In 1046 he made his first assault on Trani, succeeding in capturing the suburbs and environs but not the city itself, which was defended by Argyrus, a former Norman ally. The Tranesi themselves were Byzantine partisans, with no sympathy for the Normans.
In 1046 Peter was also a candidate to succeed William. According to William of Apulia, though he was the wealthier candidate he was confronted at Melfi by William's brothers Humphrey and Drogo, who supposedly mortally wounded him in a duel. More likely he was just taken captive, since he and Humphrey jointly led a Norman army against Argyrus in 1053. Argyrus had travelled with his troops by ship to Siponto. There he was defeated, suffering heavy losses and, being severely wounded himself, barely escaped to Viesti, according to the Anonymus Barensis (§152).
Peter is recorded by Amatus of Montecassino as entering Melfi again in 1057 to dispute the succession with Drogo's younger brother Robert Guiscard. According to the same source the Melfitans rebelled against him and he fled to Cisterna. Peter and Guiscard must have made peace, however, as Amatus records that the former's two daughters were found wealthy husbands by the latter.

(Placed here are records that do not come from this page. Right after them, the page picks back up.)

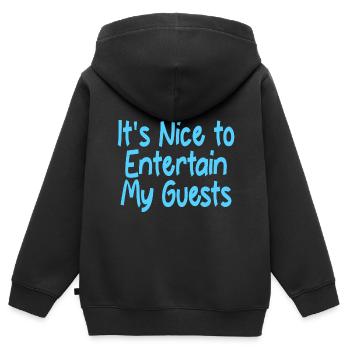 It's Nice To Entertain My Guests 2 - Kinder Premium Organic Zip Hoodie - Schwarz - Hinten - AI Model Kid Male (0cm)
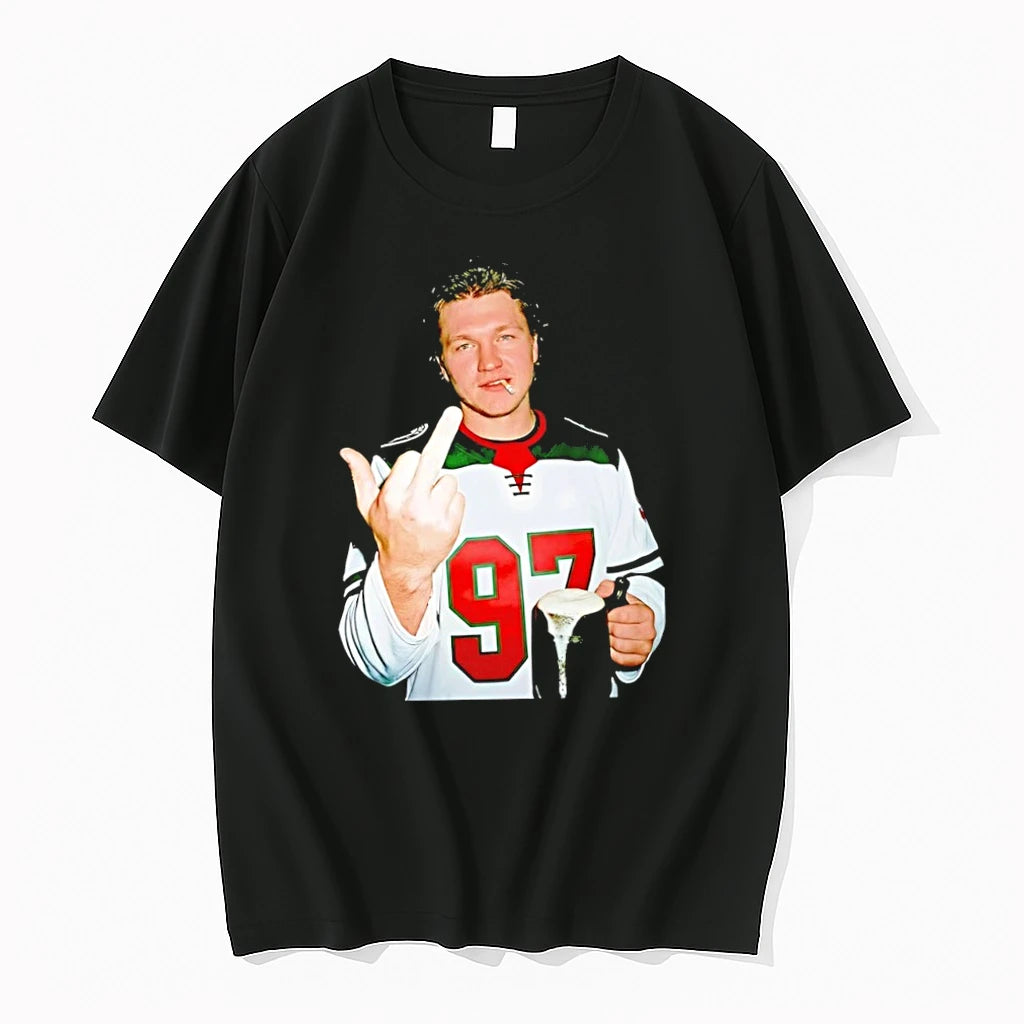 Premium Kirill Kaprizov Minnesota Wild Nhl Hockey Middle Finger Smoking And Beer Tshirts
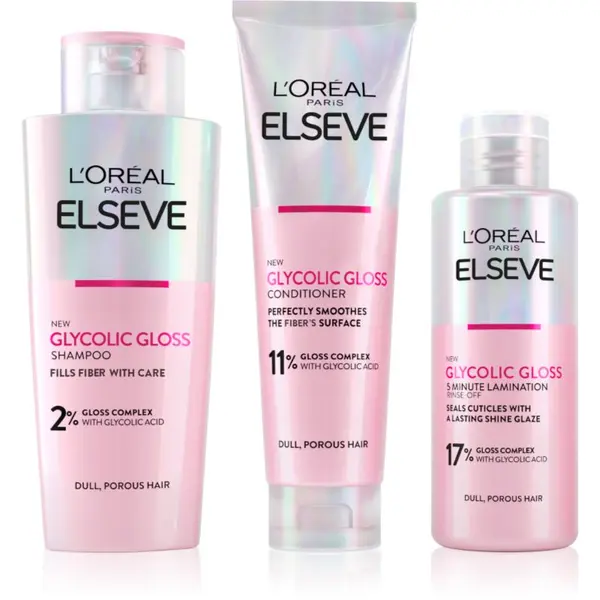 L’Oréal Paris L’Oréal Paris Elseve Glycolic Gloss ekonomično pakiranje za kosu 3 kom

In 1064, Peter's second son Geoffrey refers to his father as magni comitis Petroni in an act donating one ship to the monastery of the Santissima Trinità in Venosa for fishing on the Mar Piccolo, the bay of Taranto. Peter's youngest son, Peter II, likewise confirmed this donation pro remedio anime (ejus) ("for the health of [their father's] soul"). Peter I had not taken Trani by the time of his death. He is sometimes confused with his son Peter. The "count Petrone" who defeated Argyrus in 1053 has an entry in the Prosopography of the Byzantine World and is identified there with the son of Amicus, that is, Peter I, though other source believe the Petronius of 1053 was Peter II. "Petronius" is an augmentative of Peter, and indicates greatness (probably of stature). Peter I's relationship to his son Geoffrey is mentioned in Lupus Protospatharius. Peter's eldest son, Amicus, is barely known.